El otro día recordé a Pilar Rodiles en su estudio de Vegueta. Estaba siempre en esa casa de la ventana cerrada. Saqué una foto para escribir de Pilar, pero no me gustó el encuadre, así que lo volví a intentar de nuevo. Pasaba una niña con su madre. La niña se detuvo y se puso a escribir y a pintar justo debajo del estudio de Pilar. Al principio esperé a que terminara, pero la niña se fue demorando como mismo veía a la pintora muchas veces cuando pasaba al lado de la ventana. Me acerqué y le pregunté a la madre si podía sacarle una foto para escribir un artículo en el periódico. Le conté que justo donde se había detenido su hija, trabajó muchos años una pintora que falleció el pasado mes de noviembre. Cuando se cerró la ventana de Pilar, se oscureció un poco más Vegueta. Los primeros días, después de su muerte, alguien puso flores debajo de esa ventana que estaba cerrada la mañana en que yo saqué la fotografía. Saqué la nueva foto y dejé a la niña apoyando su papel en la pared. La niña podía haberse apoyado en los cercanos perros de Santa Ana, en un banco de la calle o en el mismo suelo de la plaza; pero eligió esa posición tan difícil, vertical y extraña, para buscar entre la nada de su hoja en blanco. No me quise acercar para ver lo que estaba creando. Preferí seguir e imaginarla en la misma búsqueda que emprendía Pilar Rodiles cuando la veía trabajando. Una artista no puede dejar nunca de crear con la mirada de la niña que lleva dentro. Si lo hace, corre el riesgo de perder la alquimia de lo que intenta eternizar en un lienzo.
A mí me gustaban los rojos intensos de Pilar o aquellos grabados que te mostraba como una niña que descubre un nuevo juego en el aburrimiento previsible de cualquier mañana.

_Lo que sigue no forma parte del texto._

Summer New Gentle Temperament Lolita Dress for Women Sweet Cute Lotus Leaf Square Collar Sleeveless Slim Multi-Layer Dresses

Me gustó que el recuerdo de Pilar llegara con la niña que sigue pintando en la pared como pintaron en las cuevas los primeros humanos que quisieron dejar testimonio de su efímera presencia en este viaje por la piel de un tiempo inabarcable. Encima de la niña estaba escrita la palabra reloj. Quizá para que recordáramos que la vida sólo es vida cuando se pinta o se escribe como quien habita un sueño e intuye que todo está mucho más entrelazado de lo que vemos, lejos de los relojes y cada vez más cerca de los mágicos vericuetos de los azares y las contingencias.